Protect your assets,
Rodger  ;-)

Thursday, October 6, 2011

Always look both ways.

Williston, Fla. (AP)
   27 year old Michael Wayne was standing in line at the local Kangaroo Quick Stop. When Michael's turn at the counter came up, dear old Mike grabbed a jar containing $35.78 and tried to run. Standing behind Michael in line was Sgt. Dietrich of the County Sheriffs Dept. Sgt. Dietrich grabbed old Michael!!!  Michael must have been a little tooooo focused.
Protect your Crock-ery
Rodger  ;-)

Wednesday, October 5, 2011

They walk among us.

Geneva, (Reuters)
  A 28 year old driver decided to see how fast his Bentley would go. The fellow got his car up too 320 k/h about three times over the legal limit. Well this young genuis recorded the whole thing on his phone to impress his friends.
  6 months later the police was questioning the young fellow in another case and checked his phone. Yup, found the recording which should the speed and the section of road. And of course the recording was time and date stamped by the phone!!!!!!  Tweeeeet outta the gene pool, report to sterilization.
Don't pull a Nixon,
Rodger

For the friendly reader with the "gun lovers" question.

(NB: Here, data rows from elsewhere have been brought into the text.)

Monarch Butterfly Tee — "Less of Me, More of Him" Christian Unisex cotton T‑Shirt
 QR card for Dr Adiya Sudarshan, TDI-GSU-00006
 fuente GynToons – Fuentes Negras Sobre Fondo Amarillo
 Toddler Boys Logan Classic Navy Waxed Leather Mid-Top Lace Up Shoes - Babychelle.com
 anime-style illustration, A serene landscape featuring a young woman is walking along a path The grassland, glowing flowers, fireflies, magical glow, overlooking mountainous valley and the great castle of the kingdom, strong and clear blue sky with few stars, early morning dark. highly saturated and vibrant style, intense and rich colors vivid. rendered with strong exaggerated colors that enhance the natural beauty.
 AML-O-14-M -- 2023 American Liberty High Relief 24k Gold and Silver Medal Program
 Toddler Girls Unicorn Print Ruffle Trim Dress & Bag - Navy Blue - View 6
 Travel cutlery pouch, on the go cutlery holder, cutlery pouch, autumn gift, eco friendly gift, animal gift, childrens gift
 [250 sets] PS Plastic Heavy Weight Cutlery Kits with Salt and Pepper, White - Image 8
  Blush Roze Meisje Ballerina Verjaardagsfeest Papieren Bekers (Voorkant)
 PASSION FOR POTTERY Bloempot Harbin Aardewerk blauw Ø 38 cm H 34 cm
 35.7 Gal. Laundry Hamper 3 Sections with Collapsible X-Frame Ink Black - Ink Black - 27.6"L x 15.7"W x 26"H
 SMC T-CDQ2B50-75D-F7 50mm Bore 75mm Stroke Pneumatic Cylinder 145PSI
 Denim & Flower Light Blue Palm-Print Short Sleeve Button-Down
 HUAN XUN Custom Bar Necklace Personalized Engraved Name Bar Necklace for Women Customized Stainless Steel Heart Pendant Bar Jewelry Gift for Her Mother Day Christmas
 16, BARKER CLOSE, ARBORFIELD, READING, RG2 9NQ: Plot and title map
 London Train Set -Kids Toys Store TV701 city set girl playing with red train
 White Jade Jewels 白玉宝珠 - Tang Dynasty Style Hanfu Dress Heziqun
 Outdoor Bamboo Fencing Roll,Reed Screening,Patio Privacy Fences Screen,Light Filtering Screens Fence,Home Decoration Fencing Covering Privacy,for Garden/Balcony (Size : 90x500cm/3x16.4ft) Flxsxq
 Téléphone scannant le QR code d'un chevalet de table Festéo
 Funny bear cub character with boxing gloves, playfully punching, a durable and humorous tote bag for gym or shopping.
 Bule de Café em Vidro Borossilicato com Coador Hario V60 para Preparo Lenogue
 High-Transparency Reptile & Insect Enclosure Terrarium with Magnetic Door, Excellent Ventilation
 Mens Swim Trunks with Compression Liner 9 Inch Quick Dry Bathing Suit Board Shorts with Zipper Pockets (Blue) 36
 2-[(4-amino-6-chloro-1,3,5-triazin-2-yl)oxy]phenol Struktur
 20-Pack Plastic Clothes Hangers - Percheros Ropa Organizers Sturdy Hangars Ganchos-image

Yes the ashes can be loaded into shot gun shells. The average human body's ashes will fill a box of 12 guage shells.

Tuesday, October 4, 2011

Must have been the wrong place at the wrong time.

Abington, Mass. (AP)
   The Chairman of the School Committee started off the meeting in a strange way. The Chairman, an amateur magician, seemed to rip the bra from inside the clothes of another committee member. The magic trick was met with stunned silence by the audience.
Get a second opinion,
Rodger ;-P

That's sending them off with a bang.

Mobile, Alabama (Reuters)
   Firm loads ammo with the ashes of dead gun lovers. I don't understand either.
Protect your am-mo,
Rodger ;-P

Sunday, October 2, 2011

The "I can't remember" defense never worked for me either.

London, (Reuters)
   The wife of a Member of Parliament was found guilty of stealing a cat from her husband's girl friend. The wife was video taped crawling into the apartment and taking the cat. The lady pleaded innocent saying that she didn't remember anything. Well there you go, didn't work for me either.